Entre um Dry Martini e um Gin Tônica, Você.

Você apareceu entre um Dry Martini e um Gin Tônica, parecia que sabia da minha queda por homens com cabelos enormemente bonitos, porque já chegou exibindo o seu com uma mania deliciosa de mexer nele enquanto me olhava com um olhar interessado. Você apareceu com meu manual de instruções no bolso e seguiu a risca, não se ofereceu para pagar meu drink, me fez rir, não tentou me beijar no meio daquela multidão e prestou atenção em cada piada suja que eu fiz olhando pra minha boca, riu de todas e em nenhum momento peguei um olhar de reprovação.

Quando você me perguntou o que faríamos depois que saíssemos só nós dois dali e eu te convidei para um último drink em casa, você sorriu com toda malicia que eu precisava. Entramos no taxi, eu disse o endereço e não trocamos mais nenhuma palavra, você me beijou ali, me beijou no elevador e enquanto eu procurava as chaves, beijou meu pescoço, ombro, e até onde o decote das minhas costas permitia, e eu demorei dez vezes mais que o normal para achar aquelas chaves. Quando a porta finalmente abriu, você me beijou no corredor, na cozinha, na sala e no quarto. Aquele manual de instruções deve ser muito especifico. Me deitou na cama e enquanto sussurrava baixinho no meu ouvido eu derreti, derretemos.

Você ficou ali, me olhando, passeando com as mãos pelo meu corpo, perguntou a historia das minhas tatuagens, sem querer saber o que elas significavam, parecia que sabia que eu odeio dar significado às coisas, que eu prefiro contar a história delas. Quando levantou para fumar um cigarro na sacada eu fiquei ali te olhando, admirando seu corpo sendo beijado pela lua cheia que mais parecia um sol lá fora, e menino, não vai embora daqui não, fica pra sempre na minha sacada.

Eu dormi te olhando ali e quando acordei você já não estava mais, a lua também já havia se retirado dando lugar a um solzinho fraco desse inicio de primavera acompanhado de uma melancolia de quando se acorda de um sonho bom, que acabou assim que percebi seus braços na minha cintura. Levantei com cuidado pra não te acordar, fui para cozinha, fiz café e quando fui levar pra você fiquei um tempo parada na porta te olhando sem coragem de te acordar, poxa menino não vai embora ainda, fica mais um pouquinho.

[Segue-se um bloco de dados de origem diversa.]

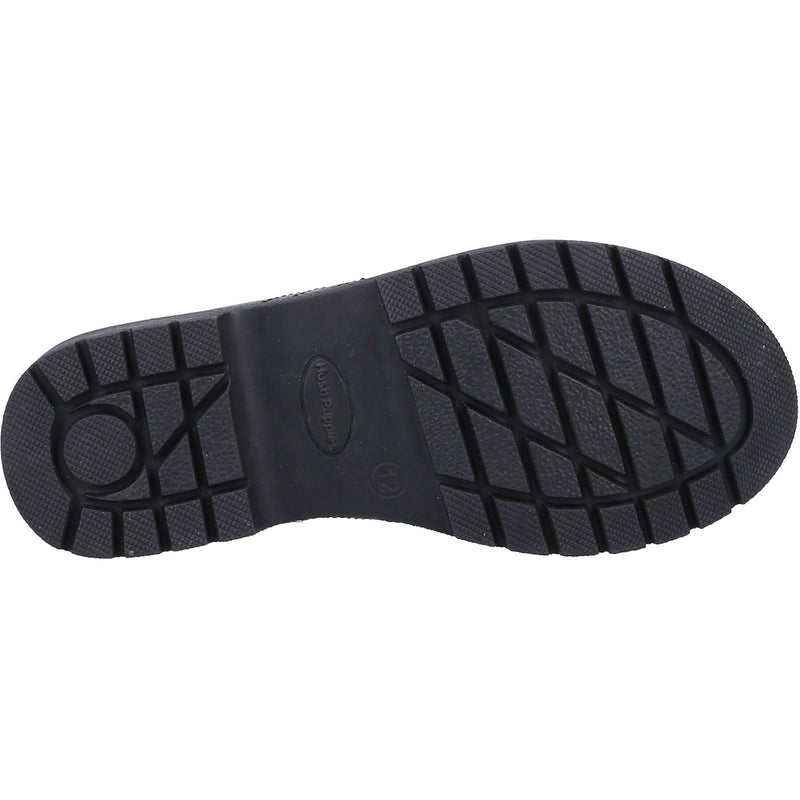 Hush Puppies SALLY SENIOR Leather Girls's Black Brogues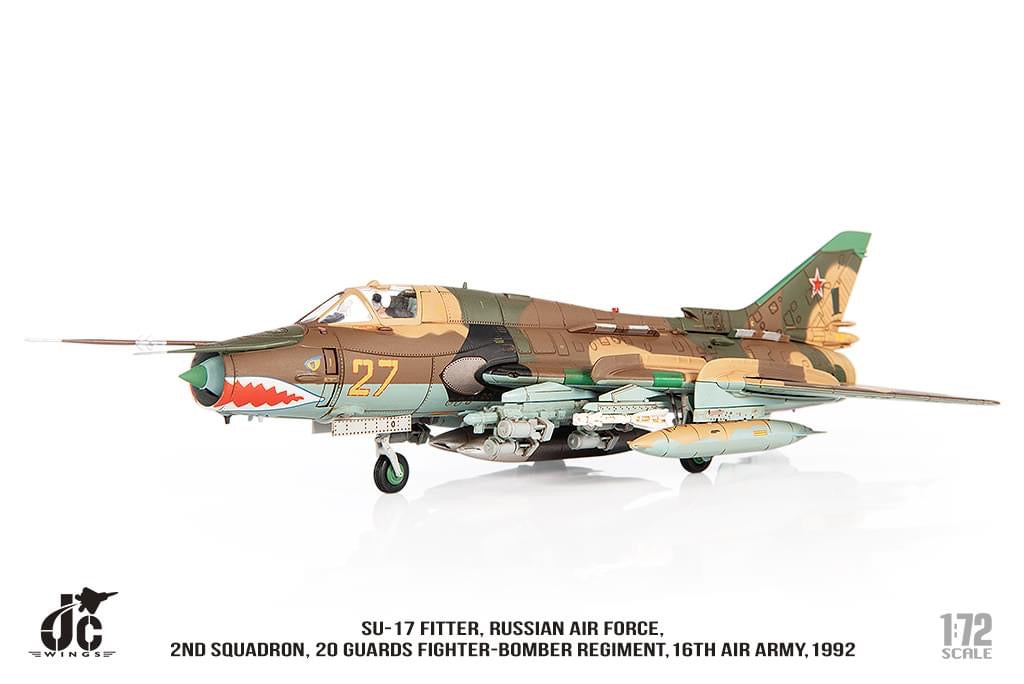 Pre-Order JC Wings JCW-72-SU20-003 1:72 SU-17 Fitter Russian Air Force, 20 Guards Fighter-Bomber Regiment, 16th Air Army, 1992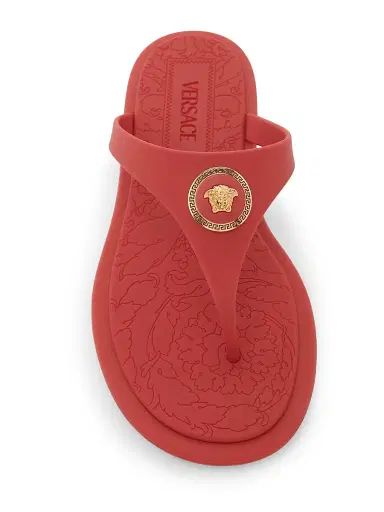 Versace Women's Medusa Baroque Flip-Flops - Fire | Thumbnail 4 Versace Women's Medusa Baroque Flip-Flops - Fire | Thumbnail 4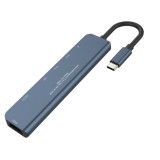 BWOO Port Hub 7-in-1 USB-C to 3x USB-A, HDMI, Micro SD, SD and PD (GD-TA608) Gray
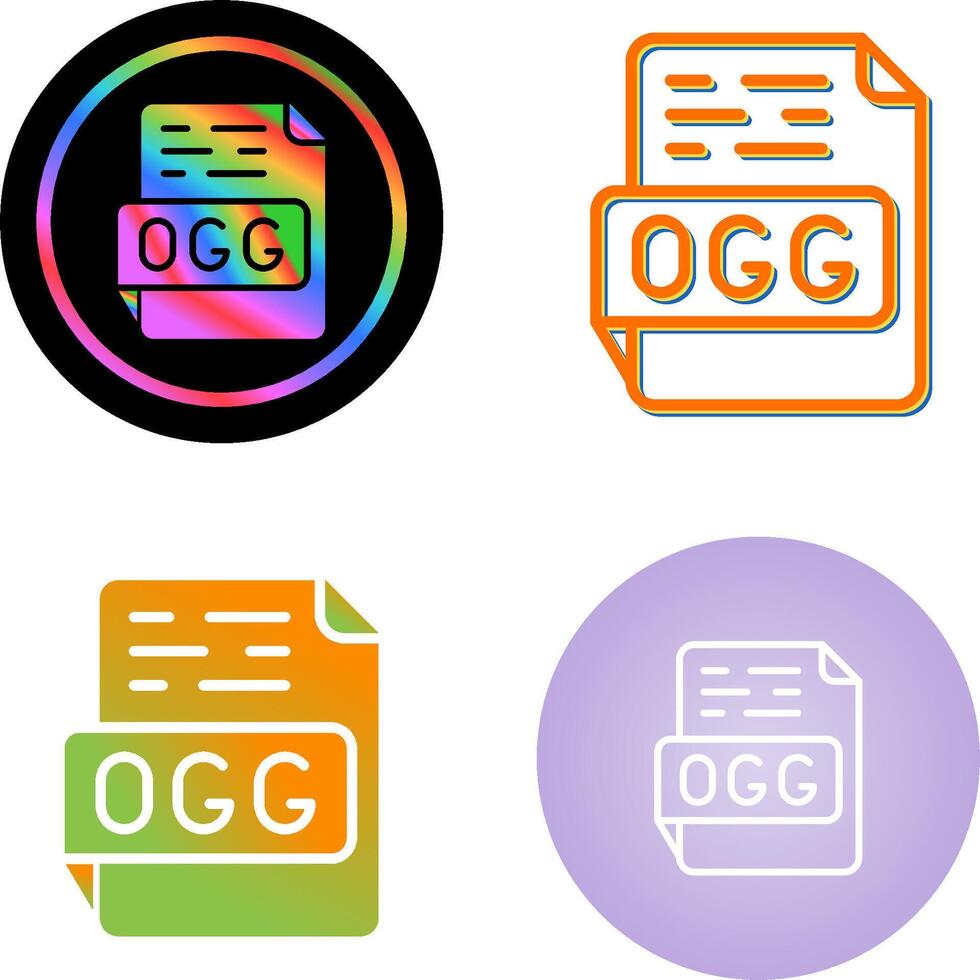 ogg vector icoon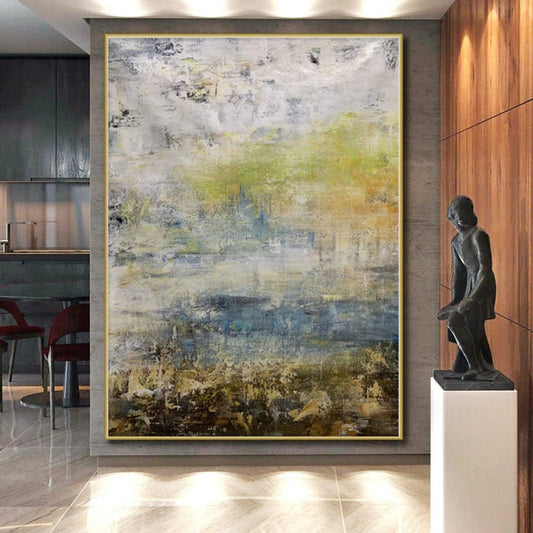 Colossal Made-to-Order Abstract Wall Art for Reading Nook Alcove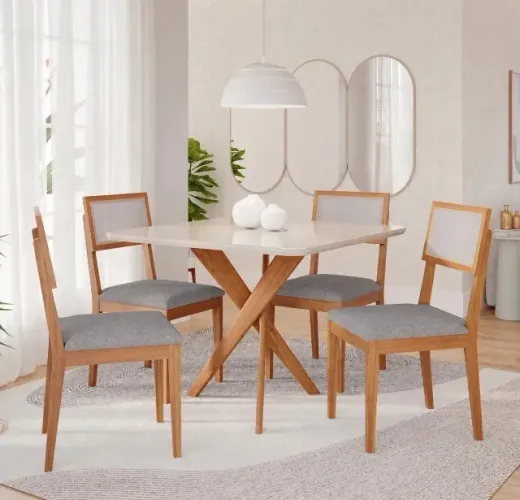 Conjunto de Jantar Vicenza 4 Lugares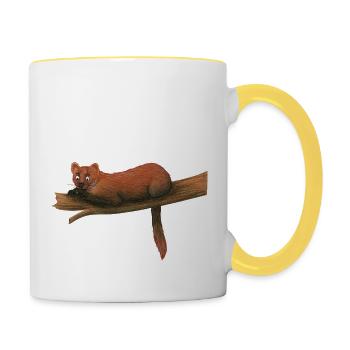 Pine marten - Contrasting Mug - white/yellow - Right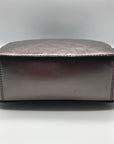 DKNY Metallic Silver Small Ashlyn Crossbody Camera Bag
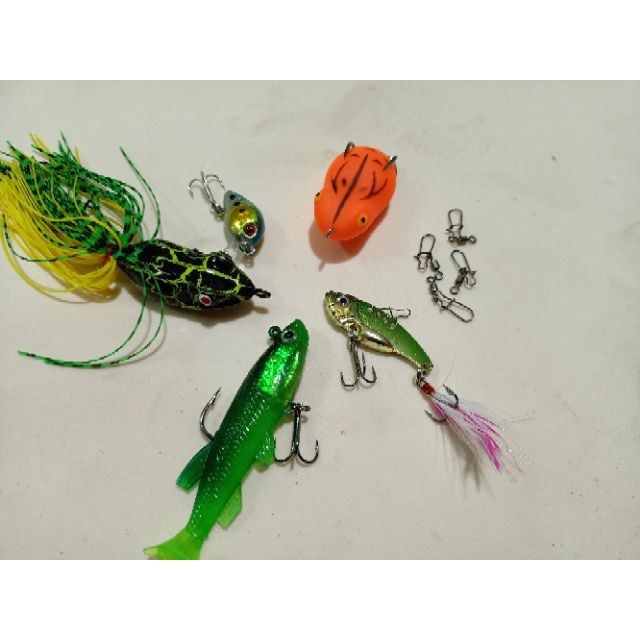 Combo bộ 5 mồi câu lure đủ 3 tầng nước  (cam kết bán hàng chất lượng có bảo hành)
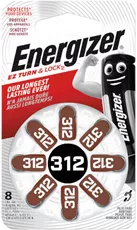 אנרג'ייזר סוללות כפתור למכשיר שמיעה 312 Energizer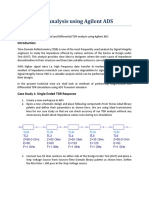 Performing TDR Analysis Using Agilent Ads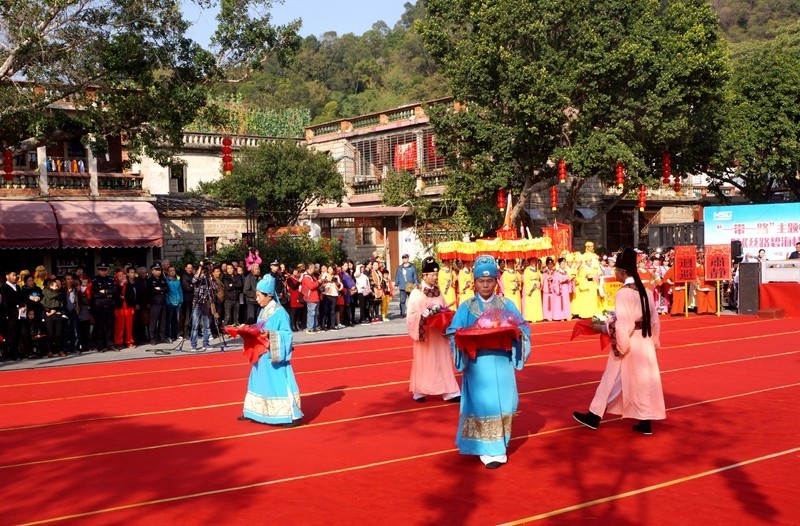 泉州第三届海上丝绸之路国际艺术节九日山仿古祈风仪式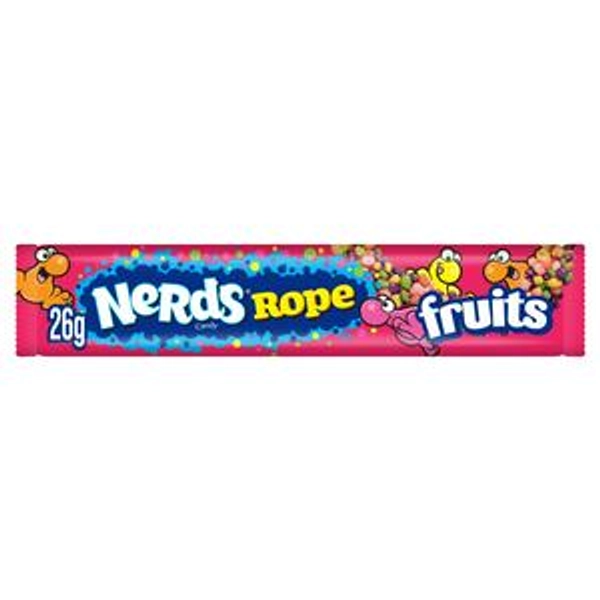 Nerds Candy Sweets Gummy Clusters Rope Fruits 26g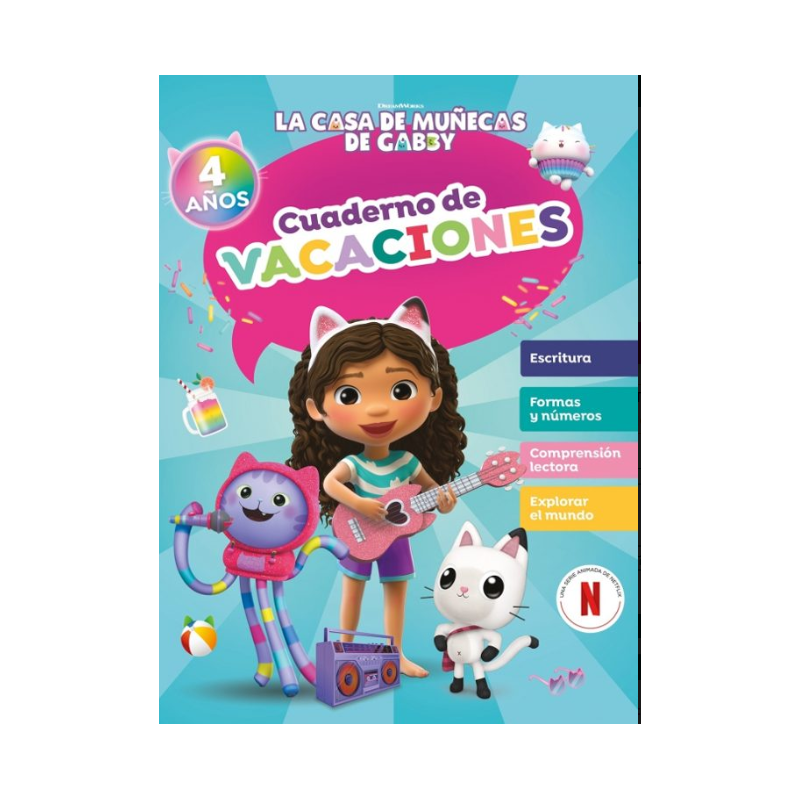 Gabby Cuaderno De Vacaciones 4 Años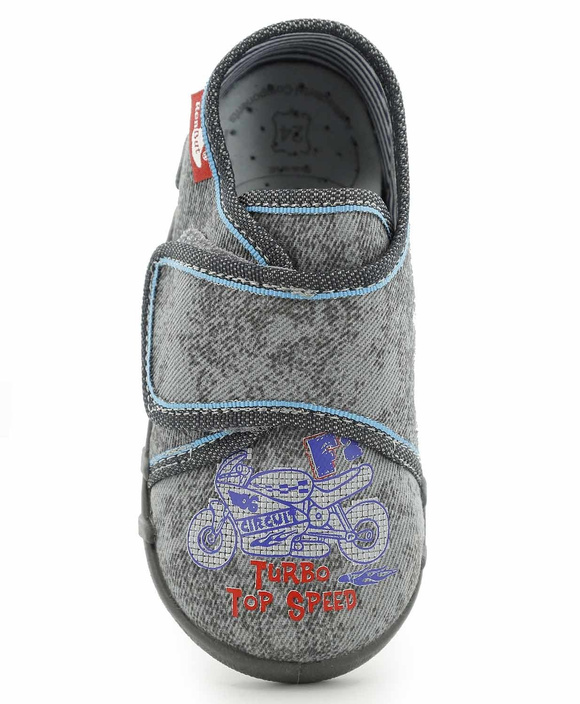 Kinder Hausschuhe Textilschuhe mit Klettverschluss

Tomamos café adoçado por sua curiosidade tão maravilhosa e tão sincera, e eu poderia ficar horas te respondendo tudo. Falamos sobre as caixas que se espalhavam pelo apartamento, e da minha preguiça de preenche-las com tudo que estava ali ao mesmo tempo que estava empolgada para essa tão grande mudança, você me perguntou se eu iria pintar o apartamento para entregar e eu disse que sim, você se levantou sem dizer nada e quando voltou tinha meus pinceis e tintas que antes estavam espalhados na mesa da sala nas mãos, me contou que antes de pintar uma parede você pode fazer o que quiser nela, contar todos seus segredos que eles ficarão ali sendo contados para sempre ao mesmo tempo que ninguém os conseguirá ouvir, então abriu a tinta e desenhou um sol, me deu um pincel e ficamos ali escrevendo, desenhando e se sujando de tinta. Menino, fica e me diverte assim pra sempre?

Almoçamos, jantamos, transamos e parecia que você ficaria ali pro resto da vida, parecia que você já estava ali a vida inteira. Dormimos, e quando acordei de manhã você estava sentado no chão escrevendo na parede, estava com um olhar concentrado e eu não te interrompi, permaneci ali como público de um artista que realiza uma performance, quando me viu te olhando abriu um sorriso de satisfação, veio até a cama, e eu percebi que você já estava vestido. Você chegou pertinho do meu rosto, me beijou e disse que precisava ir, eu não fiz perguntas, te levei até a porta, você caminhou até o elevador e ficamos nos encarando de longe, eu corri enrolada no lençol te dei um beijo de cinema, voltei, entrei e fechei a porta. Corri pra ler o que você escreveu e lá estava, um poema do Galeano, logo embaixo a frase que me fez sorrir “Vai ser lindo, mas não agora”.

Assim como meus drinks você apareceu entre um amor e outro, e para ser lindo espero você voltar menino, a porta tá aberta e os nossos segredos guardados sob uma camada de tinta branca.